Vermont History and Genealogy

April 3, 2007

Men of Vermont – Gen. Samuel Fletcher

Filed under: Famous Vermont Residents, Gen Samuel Fletcher — thedarwinexception @ 7:46 pm

 
 
Men of Vermont: An Illustrated Biographical History of Vermonters and Sons of Vermont.
   
Fletcher, Gen. Samuel.–Judge, councilor and Revolutionary soldier, was born at Grafton, Mass., in 1745, served a year in the French and Indian war, married [p.67] a daughter of Col. John Hazeltine, and gave up the blacksmith trade to which he had been trained, and moved to Townshend. He was one of the few men on the east side of the mountain active in the formation of the new state and was a member of the conventions of October, 1776, and January, 1777. He was at the Bunker Hill fight as orderly sergeant, then was made captain of militia, was at the siege of Ticonderoga and the Bennington fight in 1777 and on the way to the former at the head of a party of thirteen, he attacked a British detachment of forty, killed one and took seven prisoners without the loss of a man himself. He was promoted to be major and continued in the service until after the surrender of Burgoyne. He was afterwards a brigadier and major general in the Vermont Militia, represented Townshend at the first session under the new government in 1778 and also in 1779. He was councilor from 1779 to 1790 and in 1808, sheriff of Windham county from 1788 to 1806, and judge of the county court in 1778, 1783, 1784 and 1786. He was appointed a judge of the superior court in 1782 but refused to serve.

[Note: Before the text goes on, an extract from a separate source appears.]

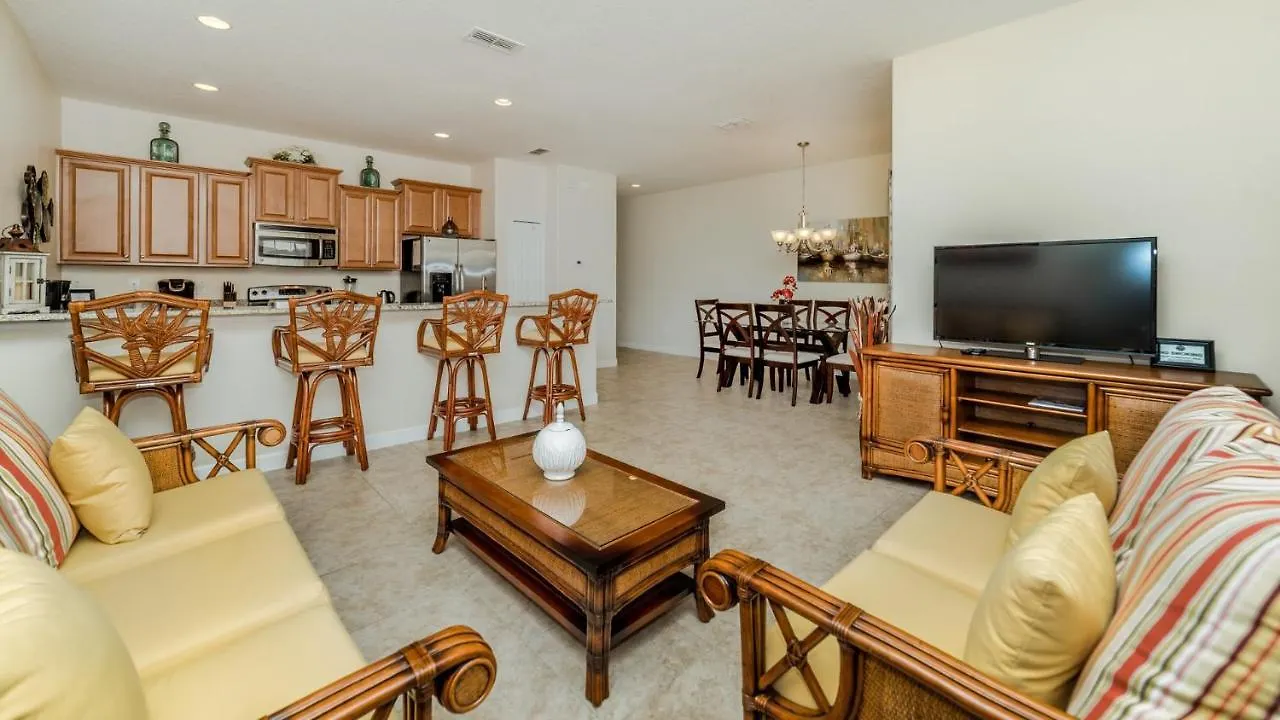 Paradise Palms - 4 Bed 3 Baths Holiday home *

He died Sept. 15, 1814. Physically he was a man of fine proportions and manly beauty, elegant in manners and bland and refined in deportment, while his intellectual equipment was strong and his courage, integrity and business capacity conceded. He was a fine writer and through much of his active life kept a journal, recording daily events of public importance, but it was unfortunately lost in the burning of the house of his son-in-law and executor. One of his daughters married Epaphroditus Ransom, afterwards Governor of Michigan.